Team Selection Test for JBMO

The answer is $1$, $5$ and $8$.

Checking by hand for $n=1,2,\dots ,6$, we see that $1$ and $5$ work. For $n\ge 7$, $2n+7$ should be a prime number. Because, otherwise there exists a prime divisor of $2n+7$ which is less than or equal to $n$ since $2n+7$ is odd, but it divides $n!$.

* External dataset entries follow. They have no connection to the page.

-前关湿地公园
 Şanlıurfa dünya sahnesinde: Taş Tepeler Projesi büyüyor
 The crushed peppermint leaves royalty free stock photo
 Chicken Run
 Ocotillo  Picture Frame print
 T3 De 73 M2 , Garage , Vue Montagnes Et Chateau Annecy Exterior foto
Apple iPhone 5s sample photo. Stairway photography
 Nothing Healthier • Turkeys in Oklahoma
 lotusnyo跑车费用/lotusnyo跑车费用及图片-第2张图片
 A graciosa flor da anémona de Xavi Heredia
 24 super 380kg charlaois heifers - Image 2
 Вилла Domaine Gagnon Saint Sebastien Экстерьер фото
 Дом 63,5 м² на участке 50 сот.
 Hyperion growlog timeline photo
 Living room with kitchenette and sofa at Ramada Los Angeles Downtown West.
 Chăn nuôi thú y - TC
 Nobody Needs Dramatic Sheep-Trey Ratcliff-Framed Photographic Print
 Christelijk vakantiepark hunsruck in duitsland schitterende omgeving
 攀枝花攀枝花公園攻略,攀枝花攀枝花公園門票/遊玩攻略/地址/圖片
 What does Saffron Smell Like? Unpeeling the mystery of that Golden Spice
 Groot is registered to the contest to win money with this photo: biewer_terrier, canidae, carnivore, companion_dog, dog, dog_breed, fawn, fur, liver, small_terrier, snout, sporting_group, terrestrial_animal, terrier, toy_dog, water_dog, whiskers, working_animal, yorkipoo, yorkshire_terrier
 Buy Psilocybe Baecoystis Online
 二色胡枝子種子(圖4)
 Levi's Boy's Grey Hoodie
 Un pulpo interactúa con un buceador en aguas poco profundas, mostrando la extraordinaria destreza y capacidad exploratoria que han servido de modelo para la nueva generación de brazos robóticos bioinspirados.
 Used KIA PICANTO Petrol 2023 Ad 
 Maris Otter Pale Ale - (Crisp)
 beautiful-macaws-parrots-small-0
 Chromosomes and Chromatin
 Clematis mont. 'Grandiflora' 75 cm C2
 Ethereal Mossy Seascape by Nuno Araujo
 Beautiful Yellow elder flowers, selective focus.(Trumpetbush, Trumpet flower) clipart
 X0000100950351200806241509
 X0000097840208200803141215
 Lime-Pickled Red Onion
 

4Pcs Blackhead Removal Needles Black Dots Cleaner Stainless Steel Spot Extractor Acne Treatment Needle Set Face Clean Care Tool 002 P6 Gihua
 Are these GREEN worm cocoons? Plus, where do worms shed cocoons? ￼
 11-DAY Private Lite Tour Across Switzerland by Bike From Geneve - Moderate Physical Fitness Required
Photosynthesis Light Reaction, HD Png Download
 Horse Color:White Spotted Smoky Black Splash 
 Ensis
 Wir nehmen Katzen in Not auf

Now let $2n+7=p\ge 21$ where $p$ is a prime number. Then the condition is equivalent to $\left(\frac{p-7}{2}\right)!\equiv 1(\mathrm{mod}p)$. Wilson's theorem gives that $(p-1)!\equiv -1(\mathrm{mod}p)$. On the other hand $$(p-1)!\equiv (-1{)}^{\frac{p-7}{2}}\cdot \left(\frac{p-7}{2}\right){!}^2\cdot \frac{p-5}{2}\cdot \frac{p-3}{2}\cdot \frac{p-1}{2}\cdot \frac{p+1}{2}\cdot \frac{p+3}{2}\cdot \frac{p+5}{2}\equiv (-1{)}^{\frac{p-1}{2}}\frac{225}{64}(\mathrm{mod}p)$$ $$\text{Thus we obtain }225\equiv (-1{)}^{\frac{p+1}{2}}64(\mathrm{mod}p).$$ If $p\equiv 1(\mathrm{mod}4)$, then $p\mid 225+64=17^2$ but $p\ge 21$, no solution exists. If $p\equiv 3(\mathrm{mod}4)$, then $p\mid 225-64=7\cdot 23$. As $p\ge 21$ we have $p=23$, that is $n=8$ and it satisfies the condition.